Anggota Komisi III DPR RI, Bob Hasan, menyerap aspirasi masyarakat Kalimantan Barat saat kunjungan kerja Komisi III ke provinsi tersebut, Jumat (25/7/2025). Warga mengeluhkan pengelolaan lahan oleh perusahaan perkebunan, terutama terkait dugaan penyimpangan Hak Guna Usaha (HGU) dan pelaksanaan kewajiban kebun plasma.
“Beberapa desa mengaku lahannya diduga dimasukkan ke dalam HGU tanpa persetujuan. Selain itu, kewajiban pembangunan plasma yang seharusnya menjadi syarat penerbitan HGU juga banyak yang tidak direalisasikan,” kata Bob Hasan.
Politisi Fraksi Partai Gerindra ini menegaskan, kebun plasma adalah hak masyarakat yang wajib dipenuhi perusahaan. Ia menyayangkan banyak perusahaan yang mengabaikan kewajiban tersebut dan meminta aparat penegak hukum untuk turut mengawasi.

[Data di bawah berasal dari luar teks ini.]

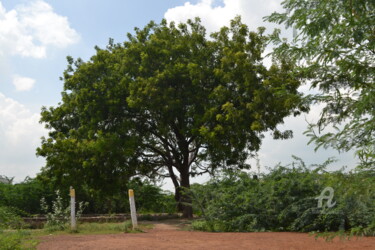 Beloved Neem Tree Mother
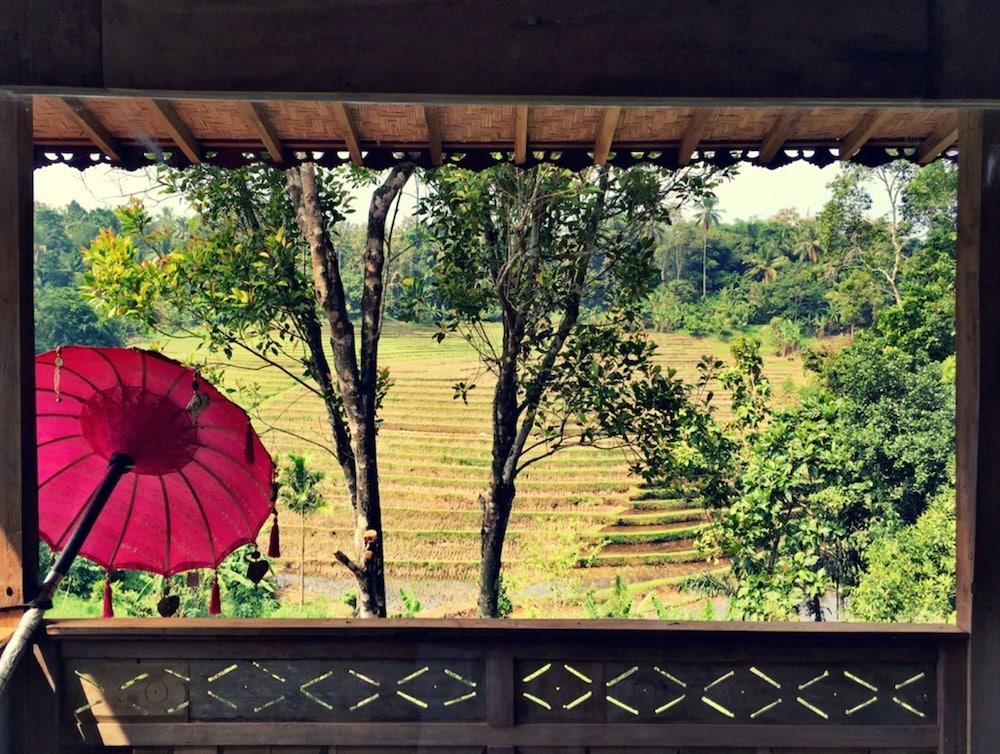 Bali Lush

“Ini bukan hanya soal kerugian negara, tapi juga kerugian rakyat. Itu juga bagian dari tindak pidana,” tegasnya.
Ia juga menyoroti praktik penguasaan lahan yang melebihi izin HGU. Menurutnya, tindakan semacam itu bisa mengarah pada pelanggaran pidana jika dilakukan dengan niat menyimpang.
Bob mendorong Polda Kalbar untuk menindaklanjuti laporan masyarakat dan tak segan menindak perusahaan yang terbukti melanggar. Ia juga membuka kemungkinan digelarnya Rapat Dengar Pendapat Umum (RDPU) di Jakarta.
“Kalau bukti-buktinya sudah cukup, kita siap gelar RDPU. DPR harus hadir membela kepentingan rakyat sesuai aturan,” pungkasnya.